Canadian Dollar Data Points

Euro:

Data Review

  • GE IFO Business Climate 103.8 vs. 101.8 Expected
  • GE IFO Expectations 98.4 vs. 98.4 Expected
  • GE IFO Current Assessment 106.4 vs. 105.3 Expected
  • GE GfK Consumer Confidence 10.5 vs. 10.6 Expected
  • GE Unemployment Change -8k vs. -8k Expected
  • GE Unemployment Claims 5.2% vs.5.2% Expected
  • EZ Economic Confidence 111.6 vs. 111.9 Expected
  • EZ Consumer Confidence -1.9 vs. -1.9 Expected
  • GE CPI 0.1% vs. 0.1% Expected
  • GE Retail Sales -0.4% vs. -0.2% Expected
  • EZ Unemployment Rate 8.2% vs. 8.2% Expected

Data Preview

  • GE and EZ Manufacturing PMI Revisions – Revisions are hard to predict but changes will be market moving
  • EZ PPI – Tough call as lower inflation in Germany is offset by stronger price growth in France
  • EZ Retail Sales – Potential for downside surprise given weaker French and German retail sales
  • GE Trade Balance, Current Account Balance, EZ Industrial Production and GDP – Potential for downside surprise given drop in manufacturing PMI index.

Key Levels

  • Support 1.1500
  • Resistance 1.1700

After hitting a 3 week high of 1.1733 last week, EUR/USD u-turned and now appears to be on its way to 1.1550. There were 2 primary factors driving the euro lower – President Trump’s attack on the EU and Italy’s financial troubles.
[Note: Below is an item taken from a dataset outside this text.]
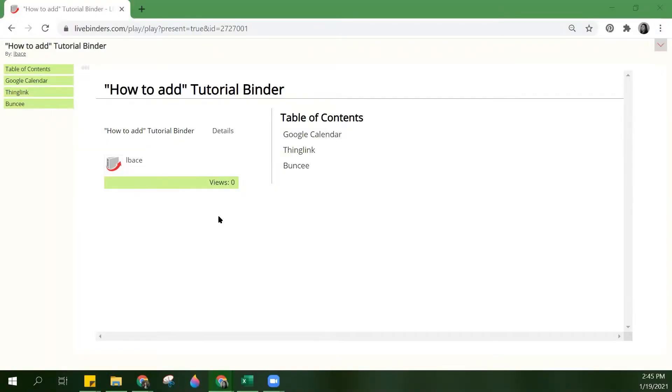Hi, welcome back to LiveBinders, your online digital binder platform. In this video, we will cover how to upload individual files from inside your binder.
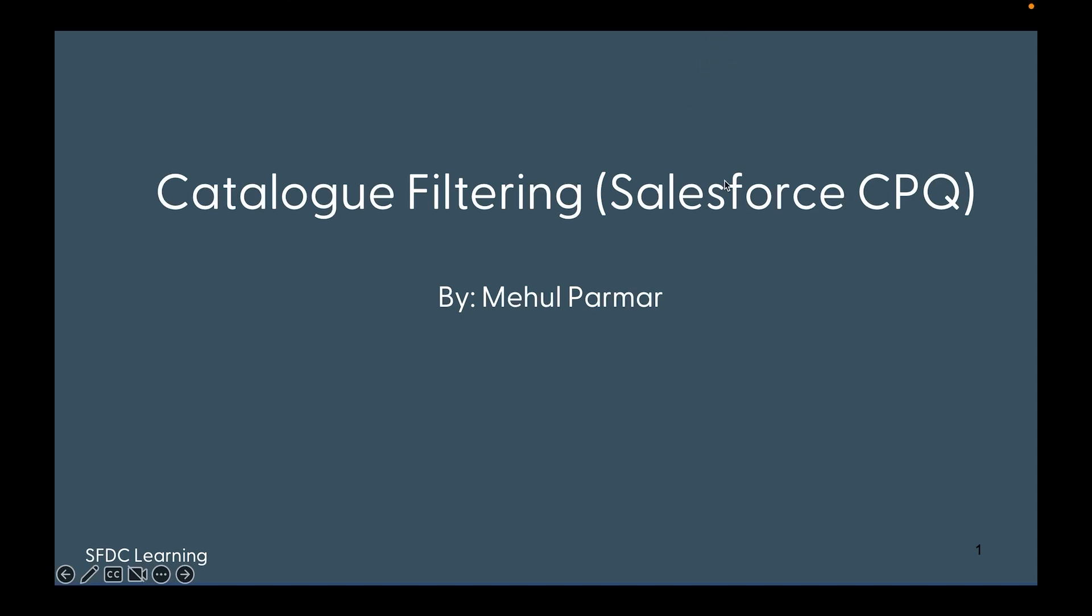Hello everyone, welcome again to my channel. In my previous video, we learned about favorite functionality in Salesforce CPQ, using which a sales rep can store their existing configuration and reuse them in future. Today we are going to learn about another functionality which we can use to show or hide certain products on the catalog based on several conditions.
As US – Canadian trade talks were underway the US President described the EU as “almost as bad as China, just smaller.” This comment makes it clear that he is not easing up on Europe and the tariffs will remain in place. Fitch maintained its credit rating on Italy but lowered their outlook. While this was not the worse-case scenario for Italy and the euro, it still leaves the door to downgrades by Fitch or the two other rating agencies who will be updating their review in October. Technically, EUR/USD looks very bearish, especially on a weekly basis.

British Pound:

Data Review

  • BRC Shop Prices 0.1% vs. -0.3% Prior
  • Net Consumer Credit 0.8b vs. 1.5b Expected
  • Mortgage Approvals 64.8k vs. 65.0k Expected
  • GfK Consumer Confidence -7 vs. -10 Expected

Data Preview

  • PMI Manufacturing – Potential for downside surprise given lower CBI Industrial Trends report
  • PMI Services and Composite PMI – Will have to see how manufacturing PMI fares but confidence is stronger

Key Levels

  • Support 1.2850
  • Resistance 1.3050

Sterling, on the other hand, soared against the euro and US dollar this past week as the EU’s Chief Brexit negotiator Michel Barnier and UK Brexit Secretary Dominic Raab confirm that progress is being made in Brexit talks. According to the European Union’s Chief Brexit negotiator Barnier, the EU is ready to offer the UK a deal that it hasn’t had with any other country and while he tried to tone down the optimism the following day by saying that a no-deal is still possible, all signs suggest that the EU is eager to work with the UK to reach an agreement by November. Originally an October deadline was set for a Brexit deal in advance of the EU Summit in October, but instead European leaders will use the opportunity to have a vibrant discussion about Brexit. Reaching a deal in mid-November means they would need to call an emergency summit that month. UK PMIs are in focus this week along with ongoing Brexit talks. GBP/USD came off its highs and there could be an extension to 1.2850 but we don’t see much in the way of losses beyond that level.